In an exclusive interview with FinanceAsia, Cesar Purisima, secretary of the Philippine department of finance, said that he hopes these dynamic firms will become future corporate champions through initiatives such as Asean Exchanges — a collaboration of seven exchanges from Indonesia, Malaysia, the Philippines, Singapore, Thailand and Vietnam.
“We’ve been trying to encourage more of these start-ups and family-owned companies to come to the capital markets,” said Purisima. “It is important that Asean develops a deeper capital market that attracts investors from both within the region and outside. The problem for most of the exchanges right now is that it is simply not deep enough, not big enough. The Asean Exchanges will help us address that problem.”

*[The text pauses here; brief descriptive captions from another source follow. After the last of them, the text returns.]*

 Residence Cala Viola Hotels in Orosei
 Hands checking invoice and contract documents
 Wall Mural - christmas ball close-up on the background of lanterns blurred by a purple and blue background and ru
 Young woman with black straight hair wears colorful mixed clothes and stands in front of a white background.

A deeper pool of liquidity could make it more worthwhile for start-ups and other growing businesses to consider listing, but would also help bigger firms with international ambitions.
“We have companies that are starting to go beyond the boundaries of the Philippines,” said Purisima, “Getting funding from outside is crucial not just from a capital perspective, but also in terms of matching risk.”

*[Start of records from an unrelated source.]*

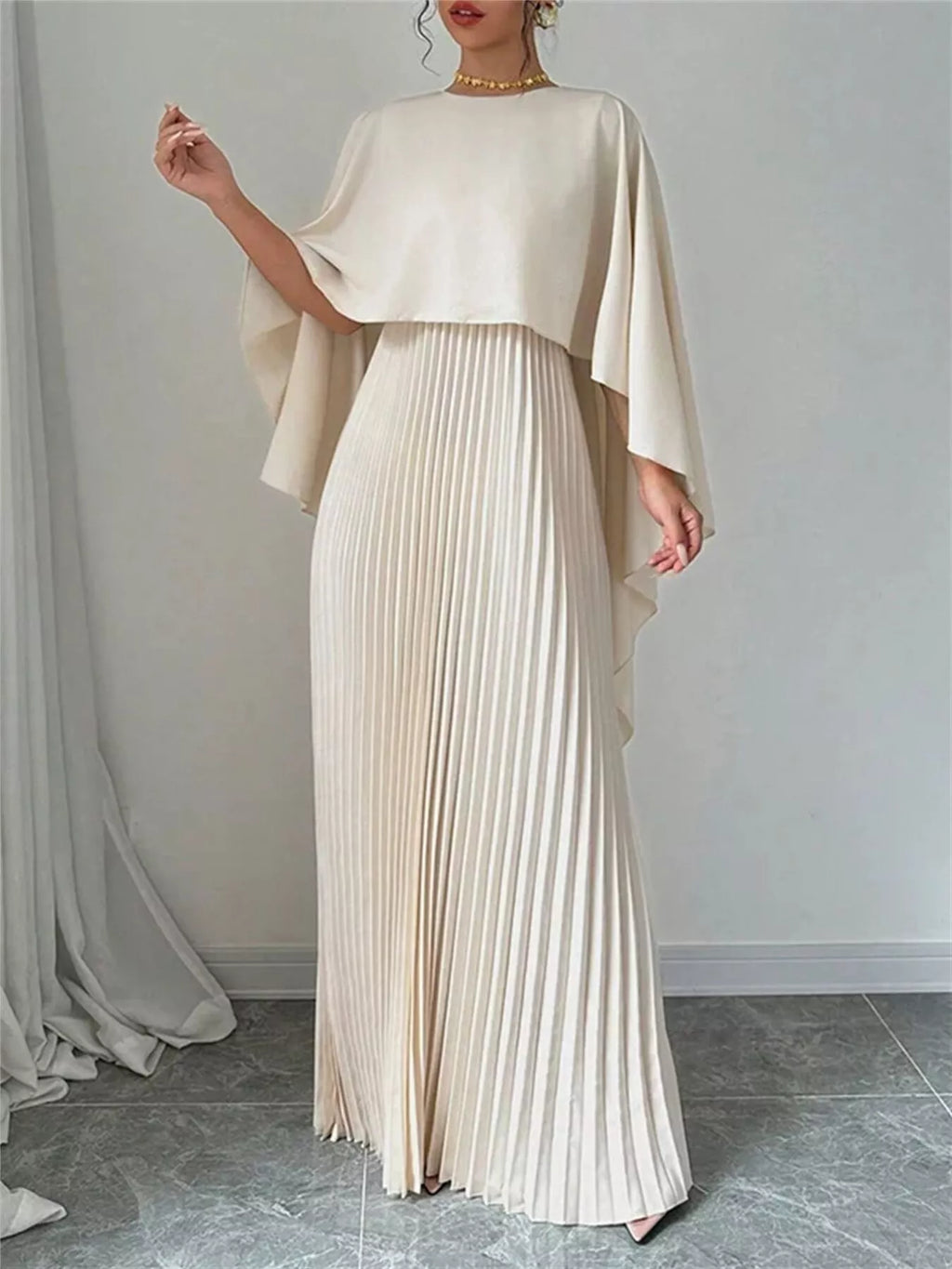 Cream cape pleated maxi dress with flowing cape sleeves and vertical pleated skirt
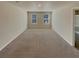 Expansive bedroom with neutral carpet, two windows and a view of an attached bathroom at 8120 Berrywood Ct, Covington, GA 30014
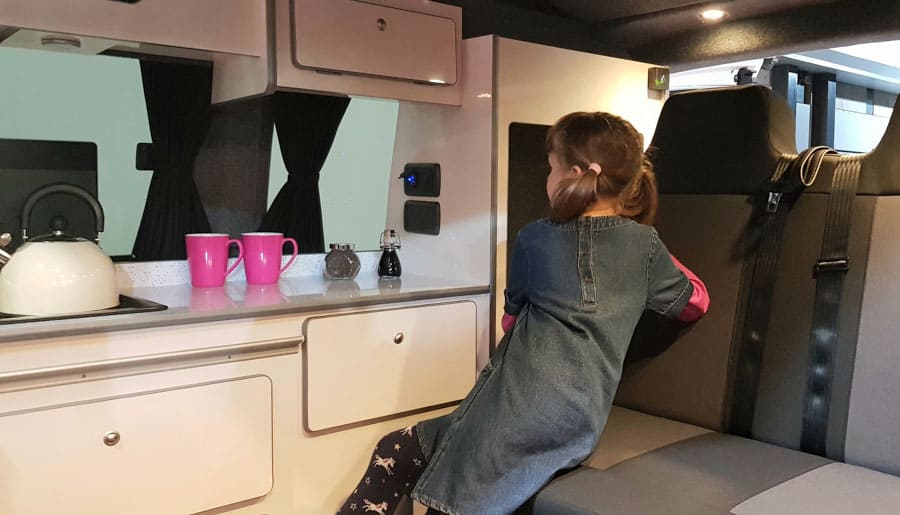 Child inside a campervan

Take San Miguel. It announced on May 23 that it expects to hit its $20 billion revenue target for 2015 this year on increased contributions from new acquisitions. In April, it bought a 49% stake in national flag carrier Philippine Airlines. The food and beverage giant’s other acquisitions include Petron, the country’s biggest oil refiner, US giant Exxon Mobil’s refinery and petrol stations in Malaysia, and a third of Manila Electric.

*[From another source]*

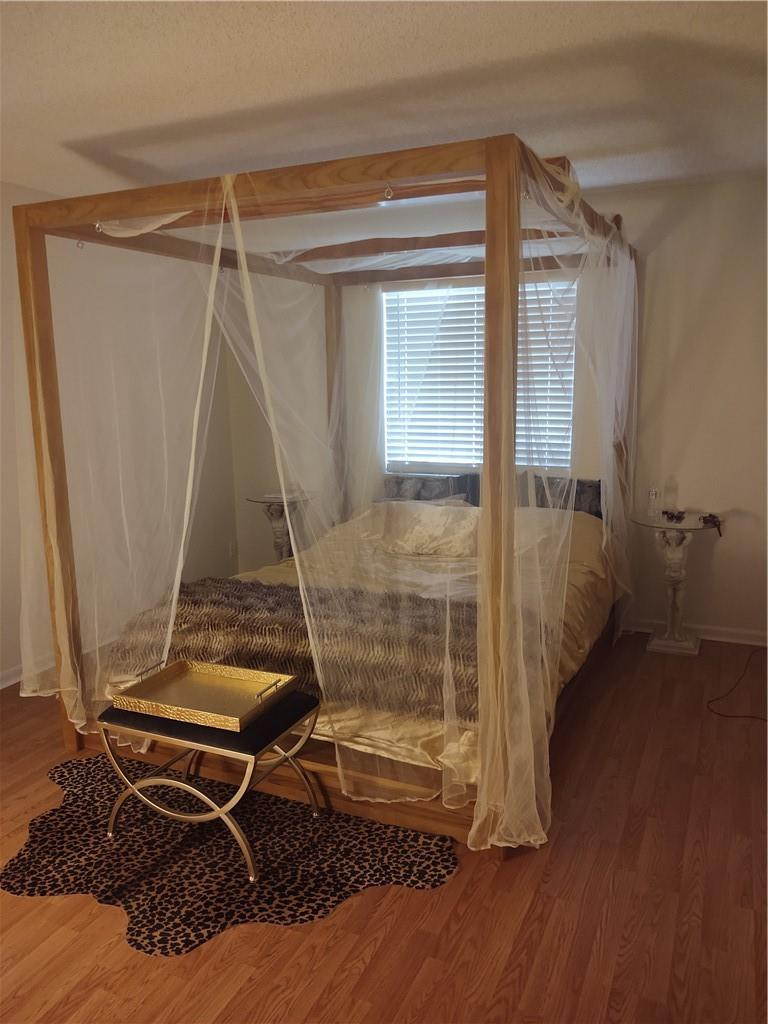 120 Northwest 70th Street, Unit 104 Boca Raton, FL 33487 - Photo 4 of 12 Master bedroom
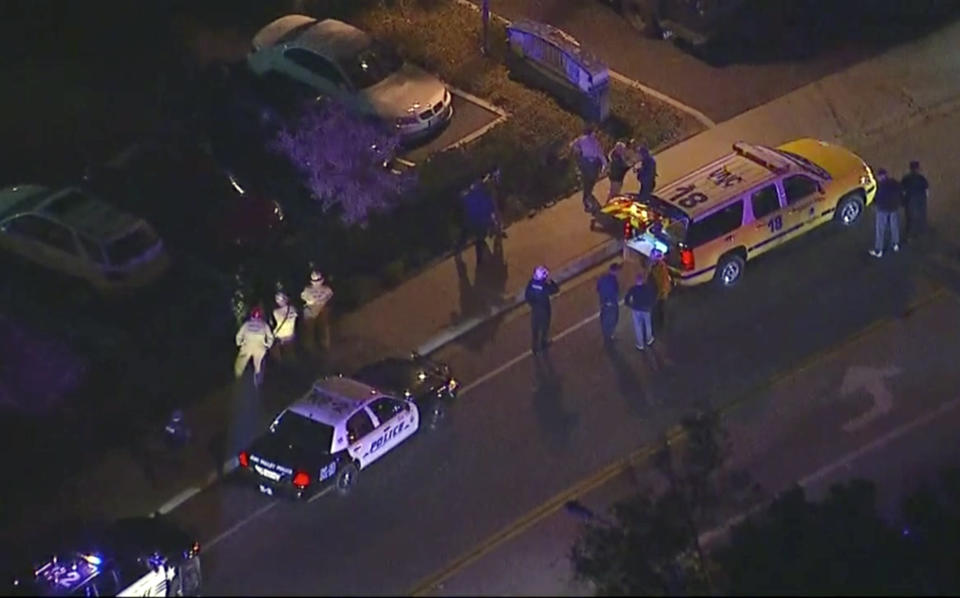 In this image made from aerial video, police vehicles line a road in the vicinity of a mass shooting in Thousand Oaks, California. Source: KABC via AP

Jollibee is another company that has been growing overseas at a fast clip. It started as a two-branch ice cream parlour in 1975 offering hot meals and sandwiches. It now has 2,469 stores — under various brands — ranging from the Philippines to Qatar. In March, it disclosed to the Philippine Stock Exchange that it had set aside Ps5.8 billion for its 2012 capital investment programme and earmarked half of this budget “to increase its store count by 125 stores in the Philippines and 100 stores in China”.
And ports operator International Container Terminal Services is the sort of corporate champion that Purisima would like the world to hear more about. It reported a net income of $35.4 million during the first three months of the year on the back of growth in volume and revenues, and lower financing charges. This was 24% higher than the $28.5 million net income during the same period in 2011. It has terminals in Manila, Brazil, Poland, Ecuador, Madagascar and China — a truly global company.
Opportunity knocks
“Asean is home to the second-largest population in Asia — and the youngest,” pointed out Purisima. “There is a lot of opportunity here, but with it comes expanded responsibility.”
That means companies below the top tier are going to have to step-up their game in corporate governance and understanding of not just the regulatory requirements in the Philippines but globally as well, said Purisima.
This, of course, has been Purisima’s mantra — and President Benigno Aquino’s —for some time. They preach good corporate governance and have promised to reduce graft and corruption. The recent decision by the Philippines Senate to dismiss the chief of the country’s Supreme Court for hiding millions of dollars in assets is one example of the two-year anti-corruption campaign’s efforts.
At the Asian Development Bank board of governors meeting held in Manila during early May, Aquino said in a speech: “[These efforts] have boosted confidence in our country, restored the citizenry’s morale and are reaping dividends on the economic front. Investors and Filipinos alike are seeing what is happening.”
Purisima said evidence that this is paying off could be found in the nation’s cost of borrowing. In January, the Republic of the Philippines priced a $1.5 billion 25-year global bond at the lowest coupon it has ever achieved for a long-dated bond.
“We finally have a president who walks the talk of better governance; now we need this to be sustained beyond just one term,” said Purisima, in an obvious campaign pitch.
But his point is fair: the more the Philippines gets the word out that it means business about good corporate governance, the better it is for the nation — and, by extension, the region. Asean Exchanges will help the Philippines. But good corporate leaders from the Philippines will also help Asean Exchanges.